■ Directions
Every line below that has the word "Drive" counts once; report how many lines that makes, with no other words.
..............................
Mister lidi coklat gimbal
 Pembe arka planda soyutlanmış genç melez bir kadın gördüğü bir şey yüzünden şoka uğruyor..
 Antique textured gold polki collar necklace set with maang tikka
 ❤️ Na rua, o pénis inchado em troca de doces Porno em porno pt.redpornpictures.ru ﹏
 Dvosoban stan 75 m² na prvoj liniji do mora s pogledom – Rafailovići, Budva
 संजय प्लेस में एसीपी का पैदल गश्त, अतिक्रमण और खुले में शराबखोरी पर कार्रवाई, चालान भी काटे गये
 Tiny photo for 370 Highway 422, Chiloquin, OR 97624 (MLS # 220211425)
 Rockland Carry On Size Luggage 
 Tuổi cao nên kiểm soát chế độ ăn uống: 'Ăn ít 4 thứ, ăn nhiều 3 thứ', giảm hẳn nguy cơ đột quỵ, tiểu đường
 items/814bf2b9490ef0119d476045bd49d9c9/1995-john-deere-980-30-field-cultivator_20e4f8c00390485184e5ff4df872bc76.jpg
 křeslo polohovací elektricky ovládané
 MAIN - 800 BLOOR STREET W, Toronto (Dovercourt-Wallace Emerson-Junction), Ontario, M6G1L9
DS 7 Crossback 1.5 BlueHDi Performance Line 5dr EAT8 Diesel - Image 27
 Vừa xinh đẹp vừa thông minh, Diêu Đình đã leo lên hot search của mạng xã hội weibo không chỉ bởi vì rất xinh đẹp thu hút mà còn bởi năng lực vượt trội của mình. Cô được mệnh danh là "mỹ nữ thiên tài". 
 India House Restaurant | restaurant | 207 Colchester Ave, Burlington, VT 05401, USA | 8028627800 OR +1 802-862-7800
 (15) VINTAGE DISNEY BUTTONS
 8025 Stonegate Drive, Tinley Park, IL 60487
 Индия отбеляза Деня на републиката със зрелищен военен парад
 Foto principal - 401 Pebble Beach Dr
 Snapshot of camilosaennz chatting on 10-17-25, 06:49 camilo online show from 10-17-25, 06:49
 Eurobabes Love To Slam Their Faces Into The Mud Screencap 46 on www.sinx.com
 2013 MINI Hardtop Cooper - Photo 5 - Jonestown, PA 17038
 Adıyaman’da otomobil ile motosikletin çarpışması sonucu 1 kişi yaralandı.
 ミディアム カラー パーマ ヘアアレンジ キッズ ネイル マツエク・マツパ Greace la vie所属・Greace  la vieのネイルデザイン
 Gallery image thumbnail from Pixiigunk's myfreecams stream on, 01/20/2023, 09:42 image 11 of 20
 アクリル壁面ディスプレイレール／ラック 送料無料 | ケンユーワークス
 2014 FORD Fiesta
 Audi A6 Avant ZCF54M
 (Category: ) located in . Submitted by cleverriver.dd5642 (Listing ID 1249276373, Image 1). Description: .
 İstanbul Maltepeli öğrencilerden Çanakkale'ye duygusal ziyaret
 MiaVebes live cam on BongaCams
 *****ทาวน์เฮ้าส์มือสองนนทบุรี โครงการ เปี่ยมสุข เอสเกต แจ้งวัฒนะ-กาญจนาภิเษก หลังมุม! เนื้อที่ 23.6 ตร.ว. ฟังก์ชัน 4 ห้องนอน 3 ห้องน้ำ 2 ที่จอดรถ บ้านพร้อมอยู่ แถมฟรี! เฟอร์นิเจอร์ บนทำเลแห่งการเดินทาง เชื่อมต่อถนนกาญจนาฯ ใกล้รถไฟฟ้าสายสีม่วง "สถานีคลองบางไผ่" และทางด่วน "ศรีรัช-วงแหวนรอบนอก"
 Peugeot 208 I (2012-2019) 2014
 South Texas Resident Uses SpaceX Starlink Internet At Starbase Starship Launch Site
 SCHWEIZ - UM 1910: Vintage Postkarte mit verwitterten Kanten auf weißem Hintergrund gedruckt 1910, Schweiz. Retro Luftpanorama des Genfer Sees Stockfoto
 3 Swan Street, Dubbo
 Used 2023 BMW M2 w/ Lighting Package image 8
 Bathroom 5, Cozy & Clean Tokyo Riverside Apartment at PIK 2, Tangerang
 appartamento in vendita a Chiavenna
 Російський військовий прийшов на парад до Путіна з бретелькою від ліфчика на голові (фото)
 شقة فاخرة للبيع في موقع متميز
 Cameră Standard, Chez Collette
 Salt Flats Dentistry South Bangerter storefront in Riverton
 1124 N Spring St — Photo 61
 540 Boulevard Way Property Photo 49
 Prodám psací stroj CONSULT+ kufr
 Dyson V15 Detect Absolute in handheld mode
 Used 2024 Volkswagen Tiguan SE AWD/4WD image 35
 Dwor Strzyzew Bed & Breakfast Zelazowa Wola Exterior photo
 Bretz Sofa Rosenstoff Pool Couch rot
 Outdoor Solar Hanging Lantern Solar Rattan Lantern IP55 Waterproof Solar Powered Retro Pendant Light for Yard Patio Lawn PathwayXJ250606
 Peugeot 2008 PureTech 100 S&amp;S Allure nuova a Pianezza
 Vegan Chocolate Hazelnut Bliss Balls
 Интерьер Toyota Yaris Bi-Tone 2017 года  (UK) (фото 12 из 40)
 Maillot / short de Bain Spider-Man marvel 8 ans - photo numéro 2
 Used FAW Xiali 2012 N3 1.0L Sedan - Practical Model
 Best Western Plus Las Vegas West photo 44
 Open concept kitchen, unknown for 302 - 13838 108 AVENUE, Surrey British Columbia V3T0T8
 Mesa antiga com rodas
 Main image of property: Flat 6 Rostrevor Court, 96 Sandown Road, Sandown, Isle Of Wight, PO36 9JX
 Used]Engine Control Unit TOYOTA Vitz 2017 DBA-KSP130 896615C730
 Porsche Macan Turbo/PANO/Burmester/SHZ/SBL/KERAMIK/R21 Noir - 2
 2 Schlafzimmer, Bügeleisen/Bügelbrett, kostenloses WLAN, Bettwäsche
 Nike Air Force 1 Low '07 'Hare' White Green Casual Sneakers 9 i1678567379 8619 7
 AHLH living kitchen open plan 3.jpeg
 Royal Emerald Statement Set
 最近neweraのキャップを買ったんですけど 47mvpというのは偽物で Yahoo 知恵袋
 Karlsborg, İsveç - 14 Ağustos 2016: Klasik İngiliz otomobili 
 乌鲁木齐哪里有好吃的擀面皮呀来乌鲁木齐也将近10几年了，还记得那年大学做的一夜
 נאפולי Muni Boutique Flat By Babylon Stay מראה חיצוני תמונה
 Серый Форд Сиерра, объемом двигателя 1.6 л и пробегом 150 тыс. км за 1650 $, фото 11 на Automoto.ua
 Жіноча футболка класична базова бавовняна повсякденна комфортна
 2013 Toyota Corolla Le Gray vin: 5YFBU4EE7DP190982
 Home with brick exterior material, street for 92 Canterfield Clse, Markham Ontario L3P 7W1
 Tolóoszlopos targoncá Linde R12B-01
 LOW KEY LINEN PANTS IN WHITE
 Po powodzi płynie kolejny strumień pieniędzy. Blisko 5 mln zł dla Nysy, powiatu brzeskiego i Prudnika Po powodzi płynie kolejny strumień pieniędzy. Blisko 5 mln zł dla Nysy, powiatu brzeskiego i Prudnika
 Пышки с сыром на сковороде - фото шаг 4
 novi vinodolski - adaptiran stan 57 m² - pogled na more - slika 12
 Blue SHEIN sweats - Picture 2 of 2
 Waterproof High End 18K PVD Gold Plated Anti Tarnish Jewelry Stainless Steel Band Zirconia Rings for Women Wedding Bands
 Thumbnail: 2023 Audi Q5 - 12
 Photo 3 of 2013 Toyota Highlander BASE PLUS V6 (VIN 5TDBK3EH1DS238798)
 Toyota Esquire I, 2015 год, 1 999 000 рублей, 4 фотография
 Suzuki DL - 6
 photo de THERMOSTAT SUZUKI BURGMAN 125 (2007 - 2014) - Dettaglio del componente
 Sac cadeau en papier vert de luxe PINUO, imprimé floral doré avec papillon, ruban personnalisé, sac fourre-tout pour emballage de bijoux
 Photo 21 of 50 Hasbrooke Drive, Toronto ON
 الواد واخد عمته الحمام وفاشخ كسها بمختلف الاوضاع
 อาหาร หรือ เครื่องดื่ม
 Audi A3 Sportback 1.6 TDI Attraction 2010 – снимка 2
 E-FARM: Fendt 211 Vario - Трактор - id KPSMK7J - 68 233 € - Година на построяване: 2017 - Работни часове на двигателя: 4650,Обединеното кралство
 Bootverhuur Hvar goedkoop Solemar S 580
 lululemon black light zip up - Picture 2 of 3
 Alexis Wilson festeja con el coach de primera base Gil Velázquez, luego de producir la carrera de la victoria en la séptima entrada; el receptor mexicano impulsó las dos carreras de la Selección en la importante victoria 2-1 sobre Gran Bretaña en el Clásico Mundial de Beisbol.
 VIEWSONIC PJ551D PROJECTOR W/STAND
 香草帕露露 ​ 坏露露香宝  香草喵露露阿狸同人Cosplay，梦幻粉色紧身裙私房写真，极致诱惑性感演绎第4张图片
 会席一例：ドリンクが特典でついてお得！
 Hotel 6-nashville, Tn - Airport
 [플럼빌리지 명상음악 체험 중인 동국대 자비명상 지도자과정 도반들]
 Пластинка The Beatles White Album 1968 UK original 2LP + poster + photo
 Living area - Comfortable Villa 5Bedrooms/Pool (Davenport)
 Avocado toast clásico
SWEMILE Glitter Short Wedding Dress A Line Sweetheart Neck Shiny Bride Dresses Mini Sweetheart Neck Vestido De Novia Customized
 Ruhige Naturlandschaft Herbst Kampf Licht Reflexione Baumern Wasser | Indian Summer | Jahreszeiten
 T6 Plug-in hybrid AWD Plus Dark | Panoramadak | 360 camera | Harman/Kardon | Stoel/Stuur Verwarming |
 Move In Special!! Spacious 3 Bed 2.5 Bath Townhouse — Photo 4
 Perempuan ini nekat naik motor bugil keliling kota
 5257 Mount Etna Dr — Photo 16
..............................
■ Written solution
2